As the human body converts food to energy, oxygen is used to make water. Some of these oxygen molecules, however, bond with other elements to form toxic compounds. These molecules are called reactive oxygen species (ROS) and include superoxide, hydrogen peroxide, and free radicals.
ROS can damage iron-containing proteins, leading to the release of iron. Because this iron is not bound to a protein, it can freely penetrate other cells. These cells could as a result stop growing or die, a process called ferroptosis.
Certain amounts of ROS in the body are necessary for major functions like hormone synthesis and immune responses. Excess iron, however, can convert the beneficial ROS into a form that is very toxic to other cells in the body, such as those that mature into red blood cells.

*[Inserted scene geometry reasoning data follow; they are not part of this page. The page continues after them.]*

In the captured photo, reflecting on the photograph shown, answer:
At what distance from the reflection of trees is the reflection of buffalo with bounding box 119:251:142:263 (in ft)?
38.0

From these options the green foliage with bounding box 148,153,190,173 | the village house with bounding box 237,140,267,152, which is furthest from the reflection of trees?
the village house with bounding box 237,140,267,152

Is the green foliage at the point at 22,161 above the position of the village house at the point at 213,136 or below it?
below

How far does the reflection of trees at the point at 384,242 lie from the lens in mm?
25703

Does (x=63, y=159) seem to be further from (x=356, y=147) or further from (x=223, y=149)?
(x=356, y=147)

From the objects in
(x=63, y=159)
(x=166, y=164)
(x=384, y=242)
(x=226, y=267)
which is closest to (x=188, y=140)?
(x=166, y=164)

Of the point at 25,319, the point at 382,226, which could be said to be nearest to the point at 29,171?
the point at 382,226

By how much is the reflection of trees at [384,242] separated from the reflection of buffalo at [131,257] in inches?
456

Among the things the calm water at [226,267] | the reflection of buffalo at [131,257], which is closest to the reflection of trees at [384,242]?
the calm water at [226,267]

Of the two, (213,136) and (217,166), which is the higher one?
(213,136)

When ROS accumulation damages red blood cell production in the bone marrow, red blood cells already in the circulatory system aren’t being replaced. Because red blood cells carry iron via hemoglobin, less iron is being transported throughout the body. This process could make conditions like hemolytic anemia worse (even though excess iron is what may have contributed to oxidative stress – ironic!).

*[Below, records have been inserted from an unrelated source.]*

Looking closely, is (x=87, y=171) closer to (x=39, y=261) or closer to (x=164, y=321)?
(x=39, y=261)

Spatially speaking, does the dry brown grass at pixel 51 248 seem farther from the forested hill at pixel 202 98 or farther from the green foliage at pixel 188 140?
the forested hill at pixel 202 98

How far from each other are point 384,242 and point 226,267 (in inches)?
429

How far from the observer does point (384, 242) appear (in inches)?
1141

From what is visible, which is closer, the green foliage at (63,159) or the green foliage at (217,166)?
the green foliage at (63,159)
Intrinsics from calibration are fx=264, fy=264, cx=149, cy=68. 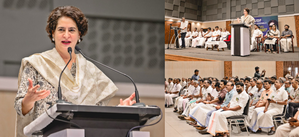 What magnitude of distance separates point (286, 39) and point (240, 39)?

Hemolytic anemia is most often seen in patients with sickle cell disease or thalassemia but can also be seen in patients who are marathon runners, infantry soldiers, or who have mechanical heart valves. Decreasing oxidative stress through antioxidants could be good therapy for hemolytic anemia. Antioxidants capture and stabilize free radicals before they can react with other cells and cause serious damage.
Dietary phenols, chemical compounds found in plants, have antioxidant effects and are found in foods like berries, apples, kale, broccoli, and ginger. Nutritionists have been researching how phenols like curcumin (an ingredient of turmeric) and quercetin (a plant pigment) prevent cancer and inflammation in the brain.